Любопытно, что основоположники европейского авангарда принципиально не задавались целью создания национальных склонений стиля. Индивидуализм — да. Но не национальная акцентированность. И все же наиболее сильные из них не смогли избегнуть последнего. На Западе это осознали довольно поздно, по мере поворота от «эйфории универсализма» в сторону тенденции к национальному замыканию культур. Нам же понадобилось время, чтобы мы начали осознавать Булеза, Ноно, Штокхаузена соответственно как француза, итальянца, немца. Время — для зарождения (у нас) диалога цивилизации и культуры.

Демократизм цивилизации в противовес аристократичности культуры может быть выражен в популистско-распределительном ключе либо в плюрализме — предоставлении права выбора. Первым ключом наша культура была надежно и надолго заперта. Сам этот принцип категорически отказывает культуре в каком-либо аристократизме. Вспомним: «Искусство принадлежит народу; оно должно быть понятно...» Второй ключ вручен цивилизации «от имени» культуры. Ибо выбор означает релятив качеств. Но цивилизация как бы тиражирует внутренний посыл культуры, переключая его в сферу социального поведения. Ведь плюрализм культуры не несет в себе предложений к выбору. Бессмысленно выбирать из явлений искусства, ибо каждое самоценно, уникально. В этом первый знак аристократизма.

Другой — в непреложном стремлении искусства к элитарности. Значение этого явления не случайно отмечено Теодором Адорно. Наша доктрина до недавнего прошлого звала к истреблению элитарности как самого страшного вируса, угрожавшего популистским догмам коллективизма. И только сейчас мы начинаем сознавать, что элитарность — это фермент развития «сферы потребления» искусства. Не расширения этой сферы, а именно качественных изменений в ней. Формирование «сферы потребления» культуры — решающий фактор ее социальной судьбы.
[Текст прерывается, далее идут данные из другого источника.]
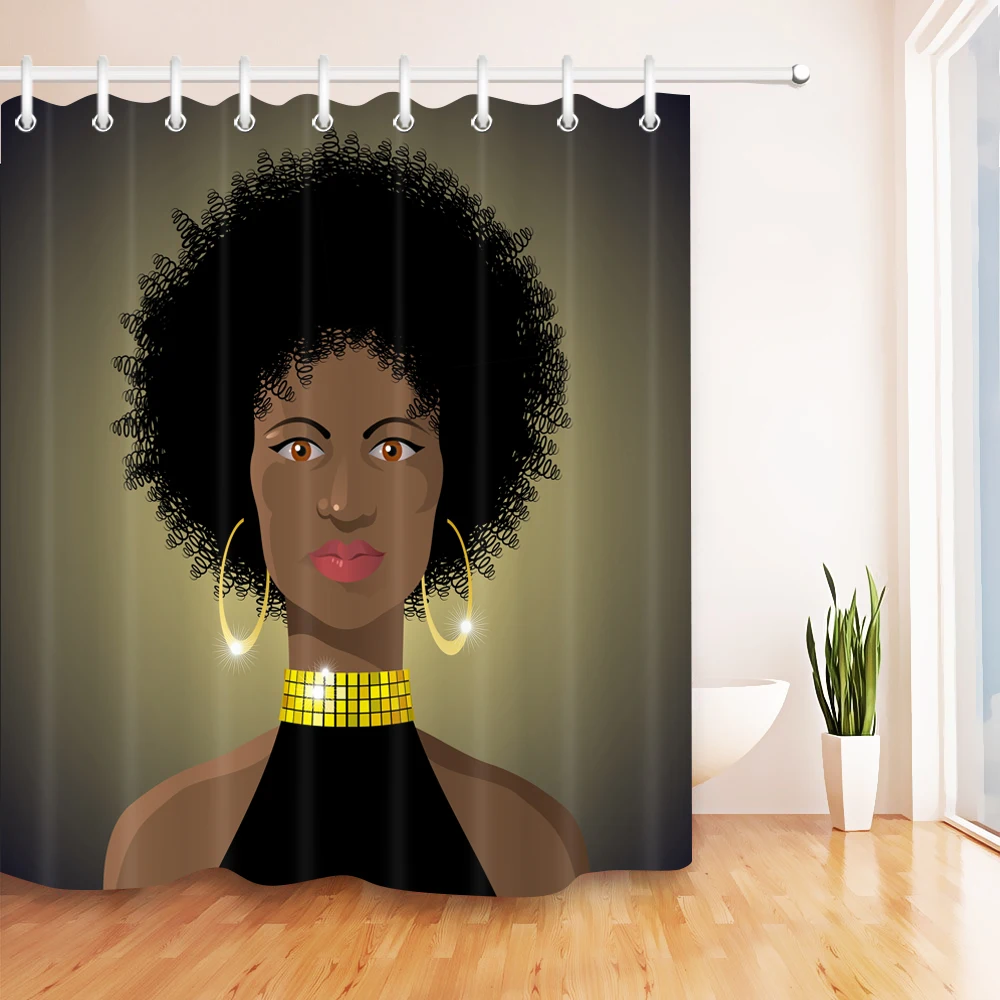 72'' African Afro Makeup Woman Bathroom Fabric Shower Curtain Liner Waterproof Polyester Curtain Accessory Sets & 12 Hooks
72'' African Afro Makeup Woman Bathroom Fabric Shower Curtain Liner Waterproof Polyester Curtain Accessory Sets & 12 Hooks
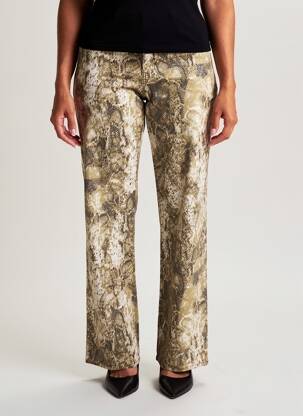 Pantalon droit fermeture zippée sous rabat boutonné vert CREAM femme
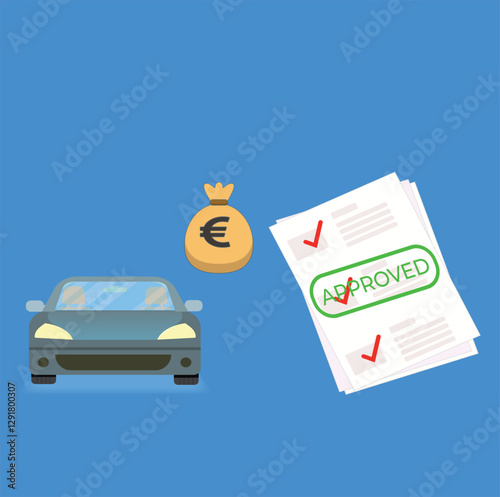 Car approved loan with automobile icon and euro sign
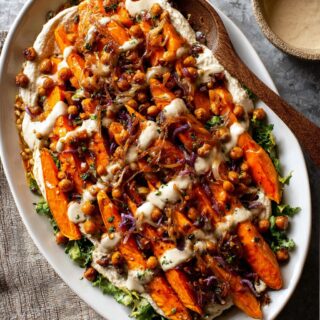 maple sweet potato salad with whipped tahini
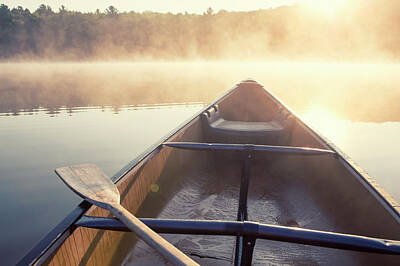 The Masters Romance - Canoe on Misty Catskills Lake by Stephanie McDowell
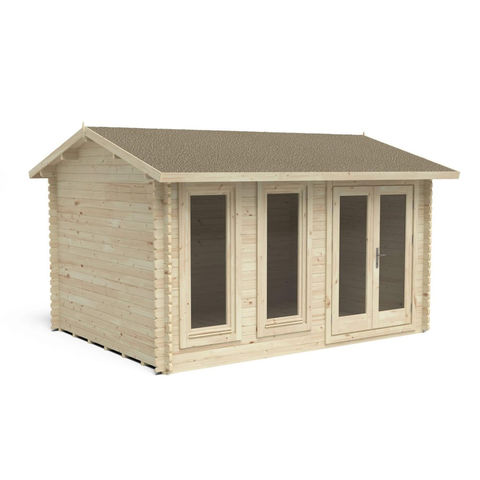 Image of Forest Forest Garden Chiltern 4.0m x 3.0m Log Cabin - Apex Roof, Double Glazed with Felt Shingles and Underlay (Delivered or Installed)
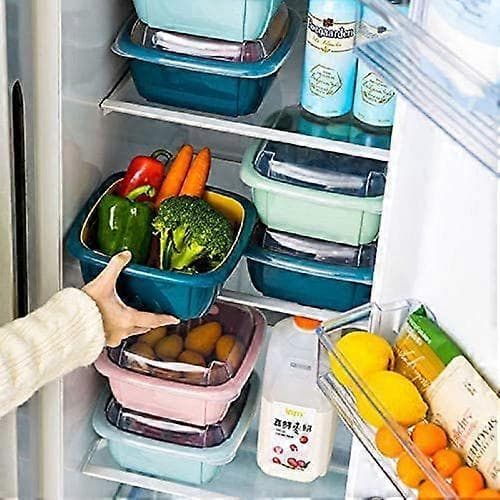 3-i-1 köksdurkslag med lock - Plastset i dubbla lager/förvaring Pink 22*22*12 cm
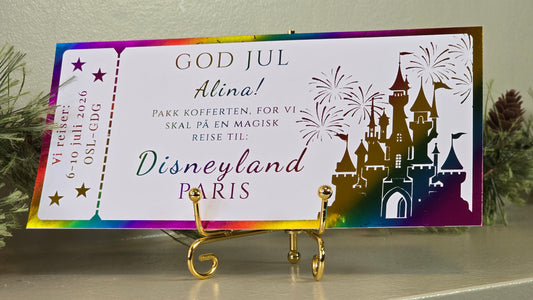 Hvitt personlig gavekort med folie - opplevelsespark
И тоталитаризм, и авторитарные режимы декларировали преследование всякого новаторства как борьбу с элитарностью, отождествляемой с «недемократичностью». Новизна по возможности отсекалась, слушательская аудитория постепенно «ржавела», закосневала. Новое искусство прорастало, как трава сквозь асфальт,— мучительно, опираясь на остаточный «резерв восприятия». Но оно все же прорастало, как сугубо элитарное, постепенно расширяя круг слушательской элиты. Искусственное замедление этого процесса и составило драматизм ситуации. В области музыки только сейчас пробуждается то, что мы называем широким (конечно, относительно) слушательским интересом к новизне. Элитарность становится искомым элементом. Это также победный итог мужественного противостояния культуры на протяжении десятилетий.